What is being asked>
Copy word for word, please, the lines of the entries below running from the one containing "2019 Chrysler Pacifica" to the one containing "创作!穷困潦倒的绘画家,用细腻的笔尖,温暖了生活当中的贫瘠", both ends included.

Records provided>
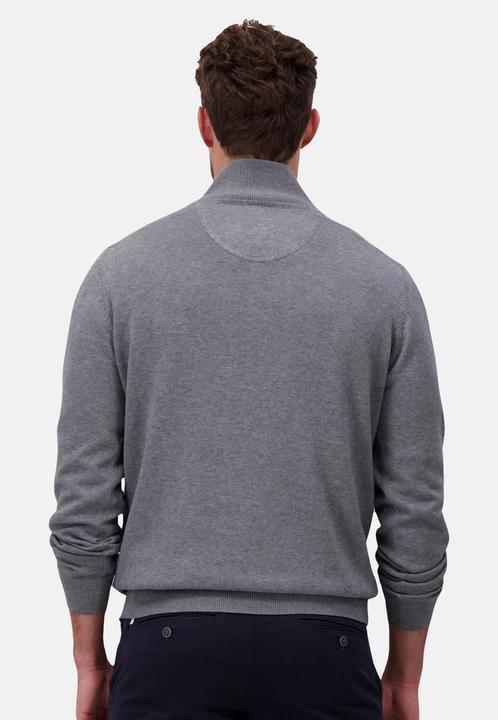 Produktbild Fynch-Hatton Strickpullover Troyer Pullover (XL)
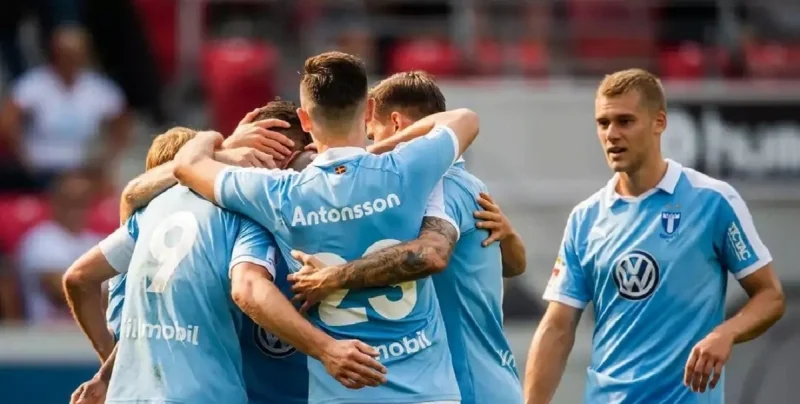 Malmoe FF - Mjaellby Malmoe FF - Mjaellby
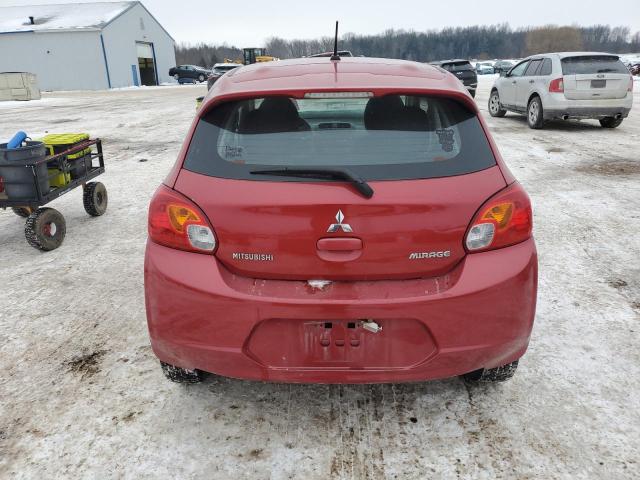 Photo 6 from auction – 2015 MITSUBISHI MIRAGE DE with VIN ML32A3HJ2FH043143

--

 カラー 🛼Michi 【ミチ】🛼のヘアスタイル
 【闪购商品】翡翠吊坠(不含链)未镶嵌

--

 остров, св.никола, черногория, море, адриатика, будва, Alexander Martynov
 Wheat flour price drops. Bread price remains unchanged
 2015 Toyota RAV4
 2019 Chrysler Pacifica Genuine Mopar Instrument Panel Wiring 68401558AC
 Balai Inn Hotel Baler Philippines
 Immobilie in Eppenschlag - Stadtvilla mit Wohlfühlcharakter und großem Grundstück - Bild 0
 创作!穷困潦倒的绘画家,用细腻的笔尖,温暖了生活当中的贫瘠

Task solution>
 2019 Chrysler Pacifica Genuine Mopar Instrument Panel Wiring 68401558AC
 Balai Inn Hotel Baler Philippines
 Immobilie in Eppenschlag - Stadtvilla mit Wohlfühlcharakter und großem Grundstück - Bild 0
 创作!穷困潦倒的绘画家,用细腻的笔尖,温暖了生活当中的贫瘠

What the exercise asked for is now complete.